Страница 6 из 18
– Подходите.
Духота в маленьком зале продмага стояла страшная, со всех – и с продавцов, и с покупателей – валил градом пот. Родион даже порадовался – хорошо хоть, хватило ума оставить Хильду на улице – пускай лучше там дожидается. А ведь недолго и ждать – перед Радом стояло всего-то пятеро.
Первые двое – белобрысая девчушка лет десяти и худосочный подросток в широких, с многочисленными карманами, шортах – очередь долго не задержали, купили хлеба да пепси-колы – только их в магазине и видели. Родион было обрадовался… да рано. Стоявшая за подростком старушка в цветастом платье явно никуда не спешила.
– Как дела-то, Ленушка? Гости-то уехали ли?
– Уехали. Чего тебе, баба Маша?
– Так ведь хлебца… три буханочки мне.
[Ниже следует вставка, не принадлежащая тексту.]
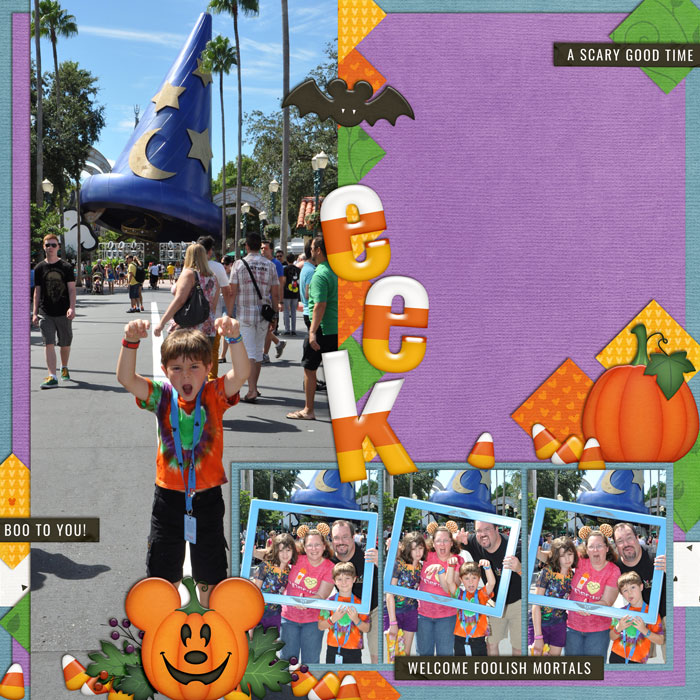 Photopass at the Sorcerer's Hat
И конфет… Какие помягче-то?
– Да вон, смотри…
– Вот эти, синенькие… они с черным внутри али с белым?
– Не знаю, баба Маша, не пробовала.
– А мягкие? Ладно, сто граммов мне взвесь… И вон тех, желтеньких, столько же. Ай, дрожжей не забудь – есть у вас дрожжи-то?
– С тебя, баба Маша, двести тридцать пять рублей сорок восемь копеек.
– Двести? Ай, ай…
– Давай, баба Маша, скорей, не задерживай очередь.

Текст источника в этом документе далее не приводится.